Aurora: A arte circense e o Palhaço Fuxico

Por José CíceroAinda hoje, vez por outra se ouve falar com um imenso sentimento de saudade toda a beleza que era os circos mambembes do nosso interior. Dos seus espetáculos noturnos e das matinês de domingo. Dos títulos chamativos, alguns inusitados estampados nas suas fachadas de flandres, madeira e de zinco. Das suas tragédias e dos seus verdadeiros dramas humanos.
Histórias e estórias muitas delas protagonizadas e vividas arduamente com sangue, suor e lágrimas dos seus artistas e coadjuvantes. Heróis antigos que agora estão a encenar no seu colorido mais lúgubre e forte a chamada memória do esquecimento. Romances fabulosos, amores fantásticos e(até) crimes horrendos. Grandes fantasias que ainda hoje nos enches recordações, deslumbres imaginativos e outros sentimentos mais sublimes.

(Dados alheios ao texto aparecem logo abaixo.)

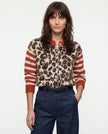 FJØRNA women's cotton cardigan, soft and lightweight, displayed on a hanger with a neutral background.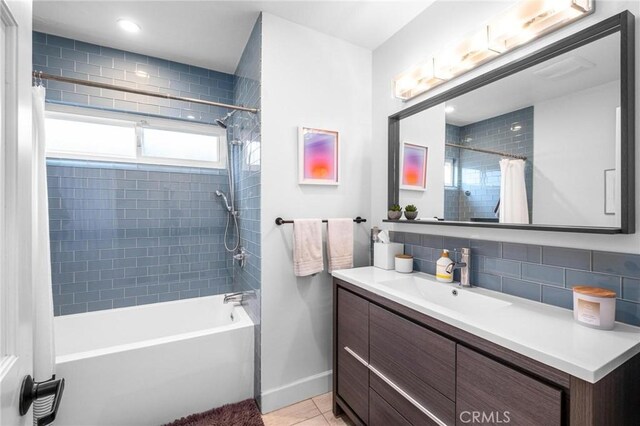 3440 Lemon Ave, Long Beach, CA 90807 - full bath featuring shower / bath combo, vanity, baseboards, backsplash, and tile patterned flooring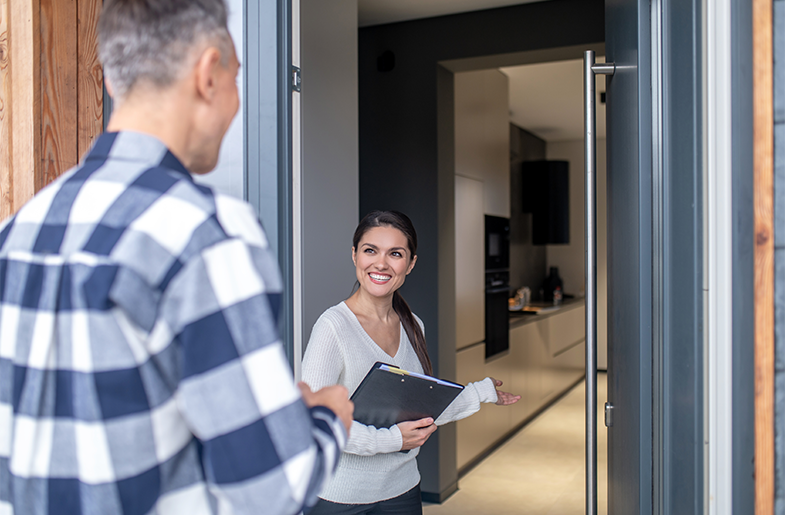 Real estate professional holding a clipboard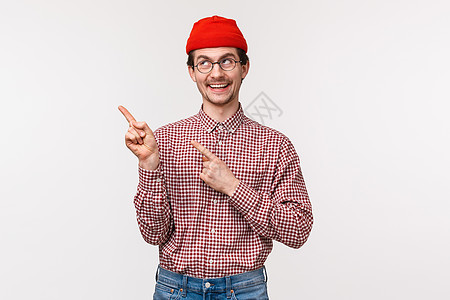 戴着眼镜和红色帽子的快乐微笑的极客男人的腰部肖像 指着左上角 脸上带着高兴的笑容 满意地找到了好产品 推荐使用这项服务图片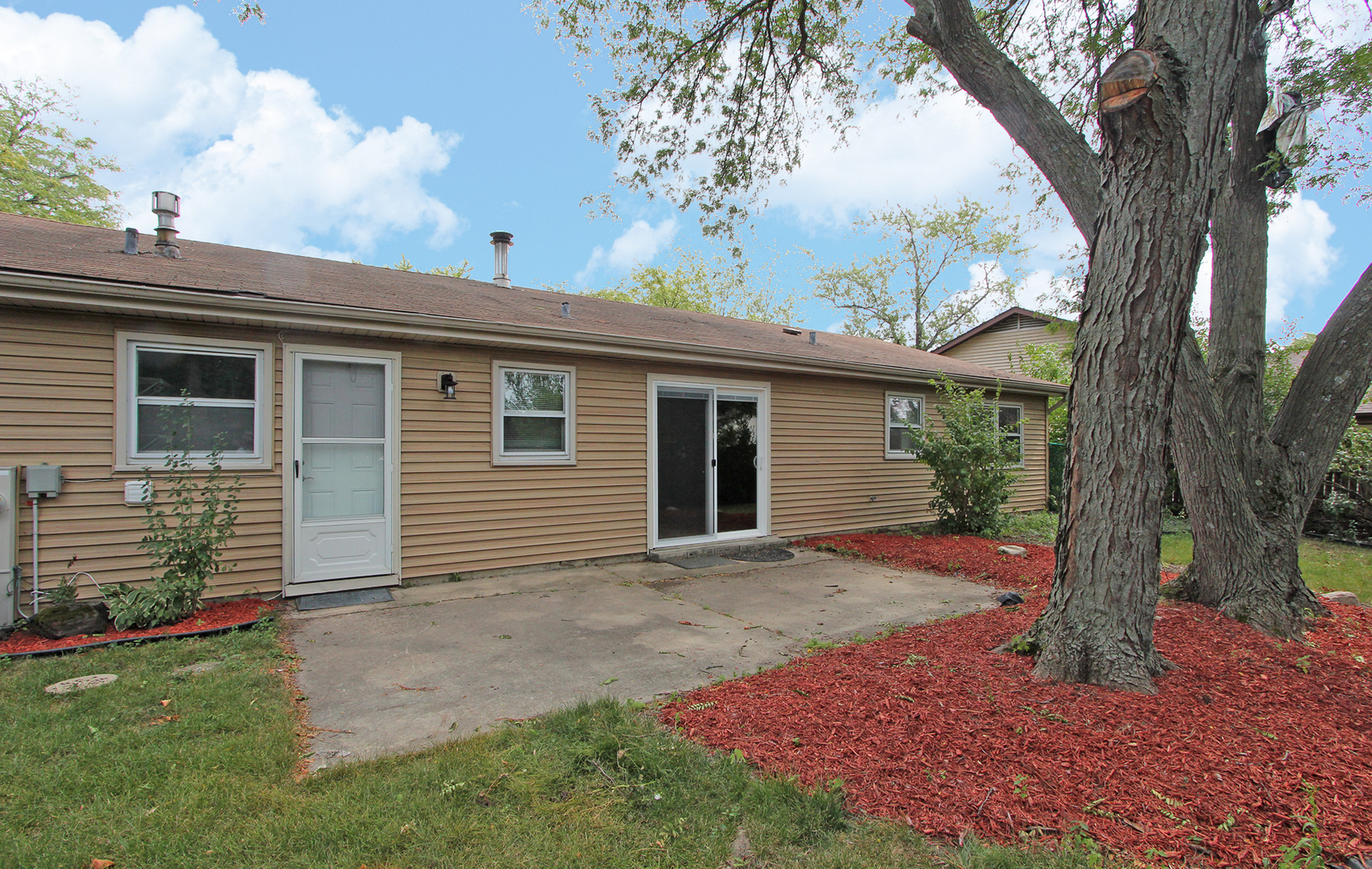 65 Old Mill Grove Road Lake Zurich, IL 60047 - Photo 27 of 29 a front view of house with yard and green space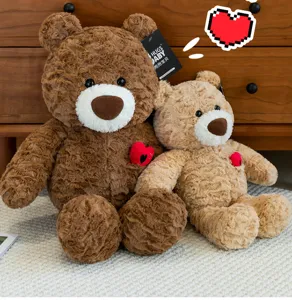 Close-up detail of dark and light brown rose-swirl plush teddy bears with heart embroidery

Há quem lembre dos circos ainda agora com lágrimas no rosto. Como inclusive, há quem nos fale destes acontecimentos com o mesmo encantamento e sensação de uma vida inteira passada em seus picadeiros.
Há quem o sinta com a mesma intensidade de quem o viveu o tempo todo como se fosse o próprio interior da sua casa. Ou ainda, como quem relata pormenores íntimos da sua própria família numa odisséia artística da vida desafiando a sorte e/ou a própria morte.
Enfim, todos aqueles que vivenciaram a vida circense como uma verdadeira profissão de fé, dedicando parte importante da sua juventude a esta causa quase impossível de alegrar e divertir populações inteiras do interior nordestino.
Há quem recorde com o peito carregado de emoção, velhas passagens vividas sob aquelas empanadas cheias de furos e desbotadas pelo anos de estrada. Ou menos nos de pano de roda, descrição de cenas inteiras dos seus teatros: Romeu e Julieta, Lampião e Maria Bonita, a louca do Jardim, Fogo e Brasa, dentre outras encenações mirabolantes...
De forma que o circo do passado de algum modo quase inexplicável, ainda continua vivo na memória afetiva de muitos. Uma pena que na prática esteja quase desaparecido. Algo difícil de ver agora pelo nosso interior. Uma arte que não consegue mais resistir por mais tempo ao fantasma da tecnologia e, que por isso mesmo, neste instante agoniza nos seus derradeiros estertores. Há, por assim dizer, um silêncio cúmplice dos grandes agentes culturais...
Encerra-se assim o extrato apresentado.